過剰介護

過剰介護

私の祖母が入院した時に、自分でトイレやお風呂に行けず、病院のスタッフの方々に助けていただいていました。その度に祖母は申し訳ないけど本当に助かるし、親切で丁寧に優しくしてくれると喜んでいました。それを聞いて、私もそんな誰かの役に立てる仕事に就きたいと思い、介護士になりました。

病院で勤務するようになり、改めて思った事がやはり、誰かのお世話をさせてもらうということは生半可なことではないということを様々な場面で身にしみました。
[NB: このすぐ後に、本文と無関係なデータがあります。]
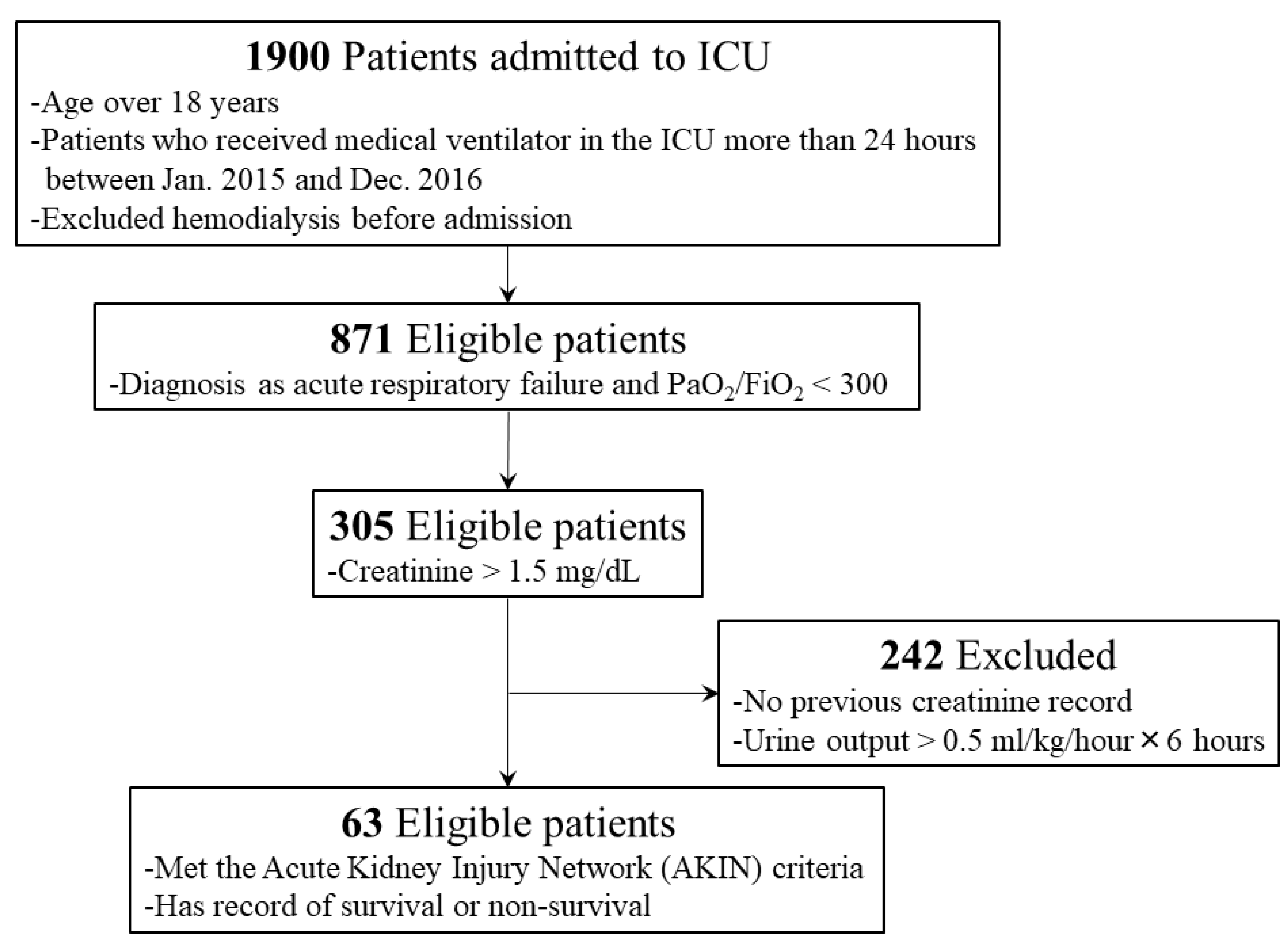 Medicina 57 01243 g001 550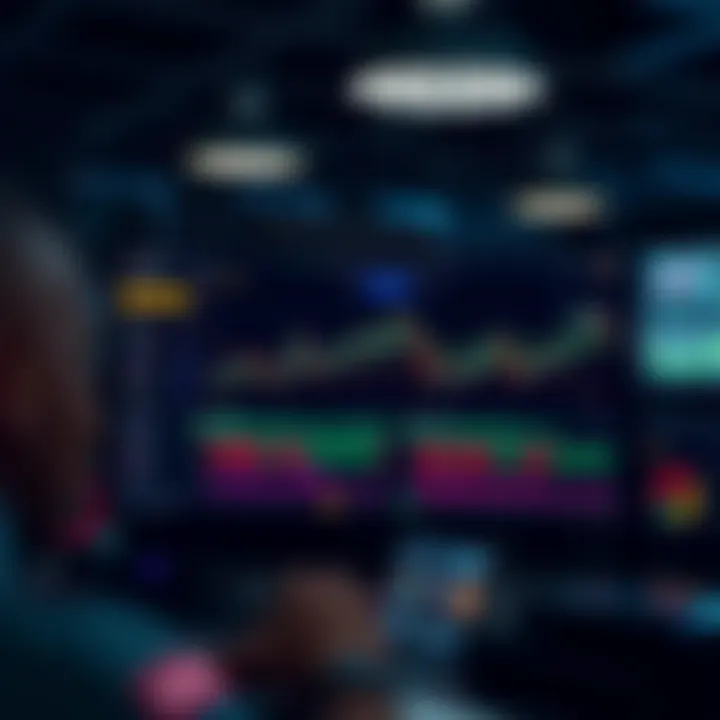 Dashboard showcasing various trading platform features and tools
学生の頃にも実習などにも行き、介護のお仕事を体験していたのである程度は分かっていると思っていましたが、実際働き始めると全く違うと言っていいほどでした。まず、何事にも責任が伴います。身体が不自由で自分ではトイレに行けない、お風呂に行けないという方々のお世話をさせていただくと言う事は、転倒する危険性があるということです。いかに、安全に行えるかは私自身の責任になってくるということがやはりとても大変なことです。特にトイレは利用者様は急いでいたりすると焦って手すりを持ちそこなったり、座位の姿勢になるのが早く座り損なってしまうと転倒リスクが高くなります。もちろん、自尊心や恥じらいをもっておられるので、もたもたして失敗してしまうということもやはり問題になります。なので、リハビリ担当の先生にはトイレ介助で重要なポイントなどを事前に聞き、レクチャーしてもらう事をしています。誰しも失敗したくないので、出来るだけ安全に、迅速にサポートすることを介護師間では伝達を行っています。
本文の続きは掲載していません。